Spotlight: California Dreaming

It’s late afternoon, and music from a tent set up by a local radio station blends with the sound of children’s laughter and the coo of chickens in an adjacent yard. A hundred people mingle amid printed signs that offer a glimpse into the future: This will be the water feature. The picnic area. The pathway—tiled in a colorful mosaic to resemble a meandering California King Snake. This will be our park.

The fraction-of-an-acre lot at Pine Avenue and 53rd in Maywood, Los Angeles County, has been vacant for 90 years. The crowd—city officials, neighbors, advocates—is eclectic, but they’re all here because they, like TPL’s Los Angeles Program Director Carolyn Ramsay, see potential in the tiny parcel that far exceeds its size.

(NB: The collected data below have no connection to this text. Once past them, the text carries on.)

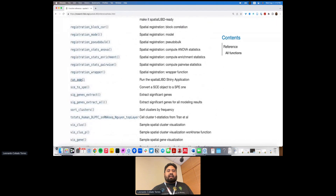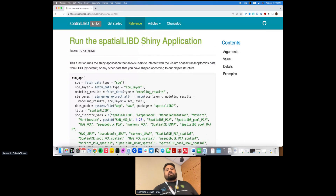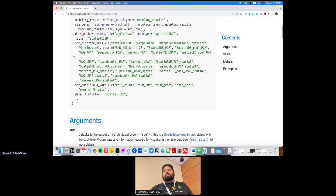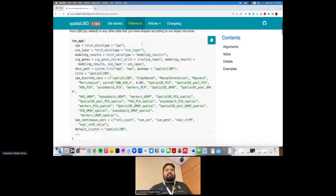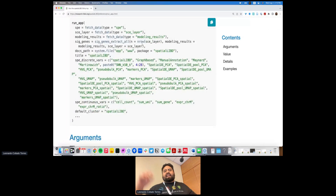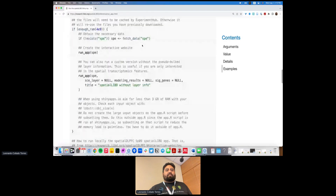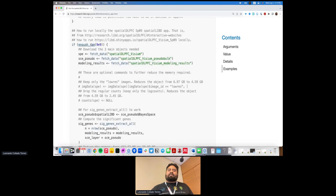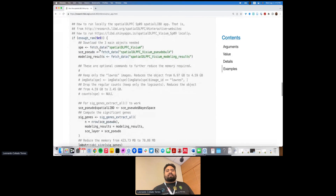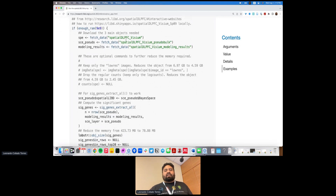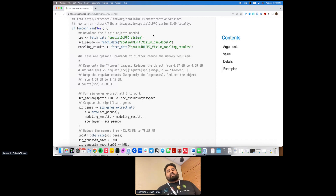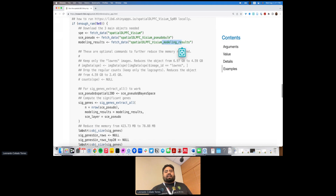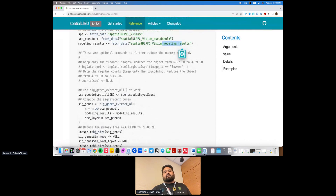There's one particular function I first wanted to demonstrate: the run_app function for making a Shiny application with spatialLIBD. This was the very first part of the package implemented, because when we first generated data we needed to manually label spots — that was the original purpose. It has been expanded since. In the examples, you download the spatialDLPFC Visium dataset as a SpatialExperiment object, the pseudobulk object, and the modeling results — then you're basically ready to make the Shiny app.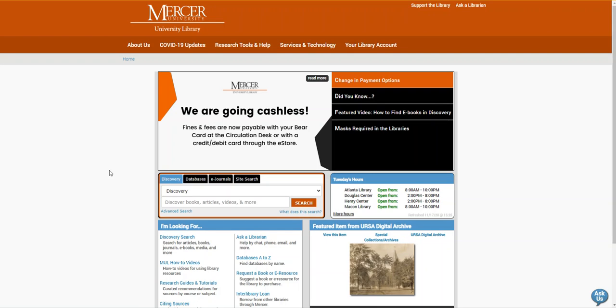Hello, my name is Kristen Bailey and I'm a librarian with the Mercer University Library. Today, I'm going to talk to you about using Children's Literature Comprehensive Database to search for children's books physically in the library's collections. I'm also going to show you how to search for those books by Lexile level.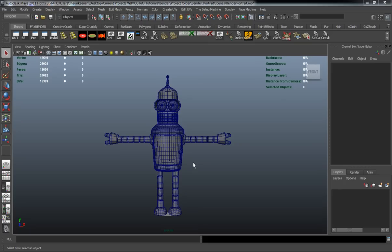Alright, so welcome to lesson number one here ladies and gentlemen, and you can see that we have Bender, the Bender model in my project scene here.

For Carolyn, this groundbreaking ceremony in late June was the “feel-good moment of all feel-good moments”—a critical project milestone, certainly, but also the celebration of a long-held personal mission to create and protect the outdoor gathering places that bring people together.

From the day 20 years ago that Carolyn first moved to Los Angeles, she felt a keen awareness of the dearth of such public spaces. More than other American cities, Los Angeles developed around the ideal of single-family homes, replete with private yards—”a little patch of paradise,” as Carolyn puts it. As that vision evaporated into urban sprawl, it revealed a massive metropolitan area that didn’t have a central green space like Golden Gate Park in San Francisco or Millennium Park in Chicago—didn’t, in fact, have many parks at all.

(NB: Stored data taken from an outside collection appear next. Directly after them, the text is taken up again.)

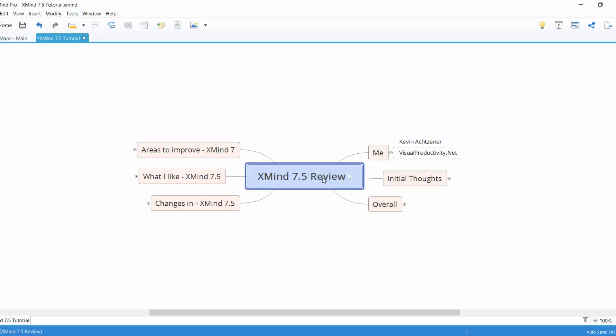Hey everyone, Kevin here with visualproductivity.net. We're going to go over XMind 7.5. Now I know this has been out for about half a year, but I'm liking this one. The .5 version has actually made things pretty cool with XMind.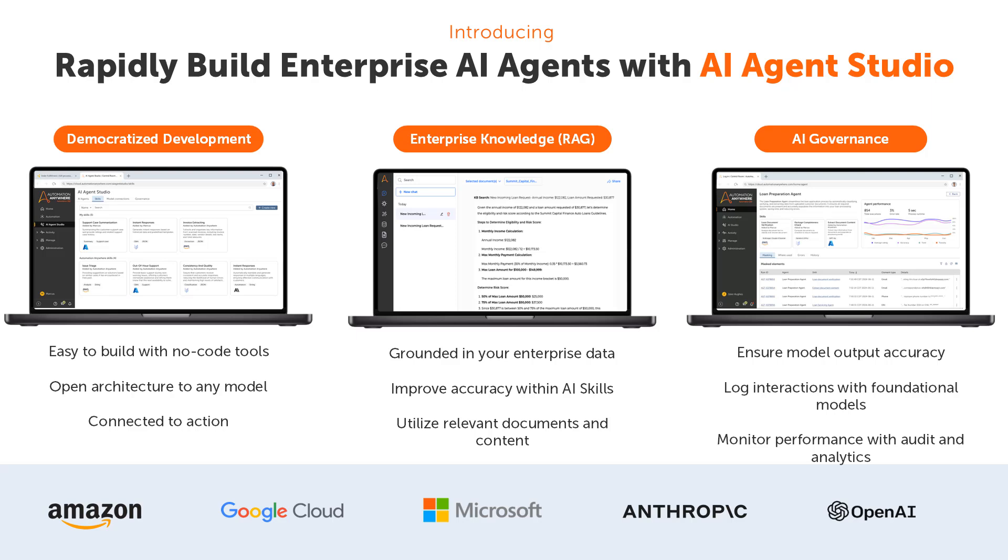AI Agent Studio lets you easily build AI agents that combine the power of generative AI with action. With AI Agent Studio, you can connect to leading Gen AI models, securely deploy them within your organization, govern who can access models for use, evaluate different models for the performance in your specific use case, and templatize and share prompts as reusable AI skills.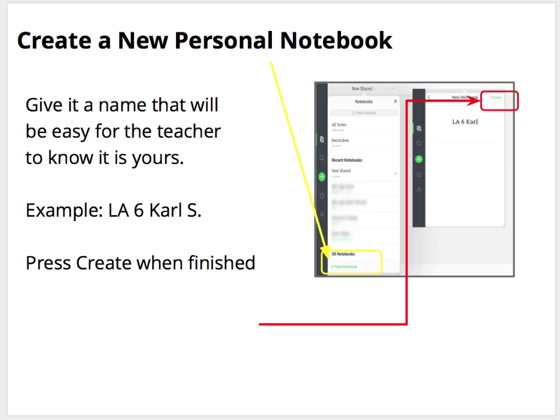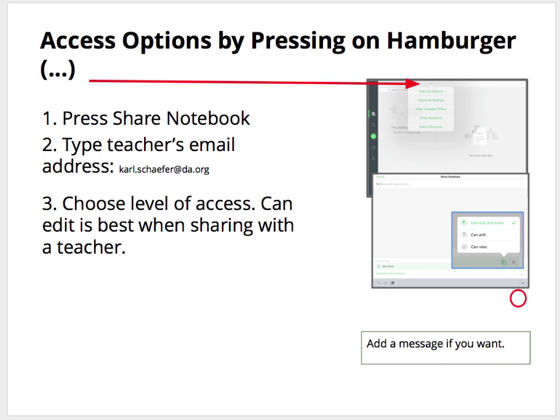Remember, you need to go to your list of notebooks and the new notebook is listed at the bottom. Access the options by pressing on the hamburger, or the three dots, when you're in that notebook.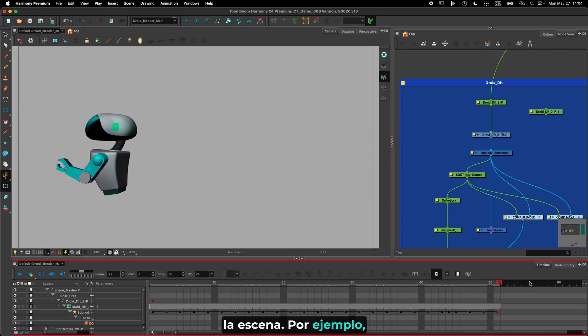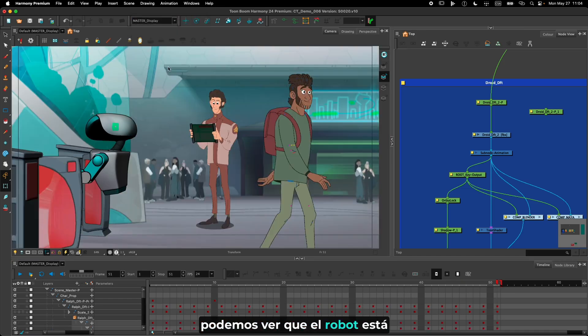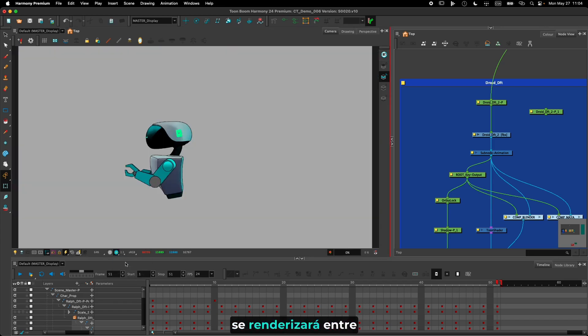This allows us to render and composite the frame correctly in Z-depth with the rest of the elements in the scene. For example, if I go to the end of the timeline, we can see that the robot is going inside the gates, and if I do a render right there, it's going to be rendered between the gates.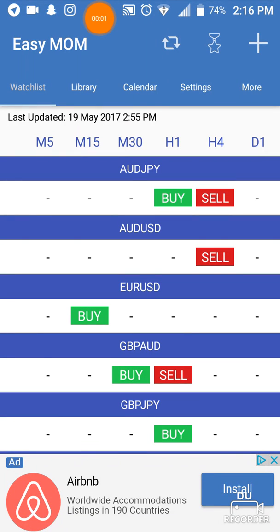Hey you guys, this is your girl Pipsicle and I'm just going to do a quick run through on this app called Easy Momentum. This is not a promotion or anything — this is just how to navigate the app only.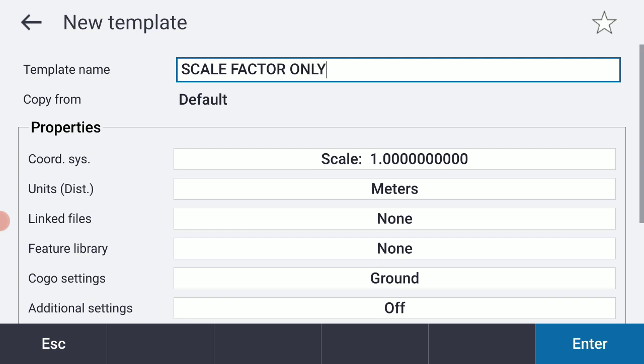When we create templates, some of the settings are going to be a matter of personal preference. Others may be dictated by your geographic location. I'm in California. I'm going to be using units of US feet when the time comes. Let's begin with our coordinate system here. It's showing me a scale factor of 1, and I'm okay with that, so I'm just going to leave that as is.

“I took my son, who was a baby at the time, to the parks. There were very few, and some felt unsafe. They weren’t lively,” Carolyn recalls. “Even now, there aren’t enough places for people to get to know each other. Los Angeles is one of the most diverse cities on the planet: it would benefit all of us to learn more, to have more public space where everyone can just be together.”

Never content merely to define the problem, Carolyn began work toward a solution-starting with an effort in her own neighborhood to plant 1,000 trees as part of a beautification project. In the wake of the Rodney King riots, she was struck by the fact that local parks had emerged from the violence largely unscathed.

“With parks, people feel, ‘This is mine, too. This is public, and it belongs to everyone,'” she says. “People have positive memories from their own childhoods about playing in a playground, swinging on the swings, having a picnic with their families—they don’t want to destroy that.”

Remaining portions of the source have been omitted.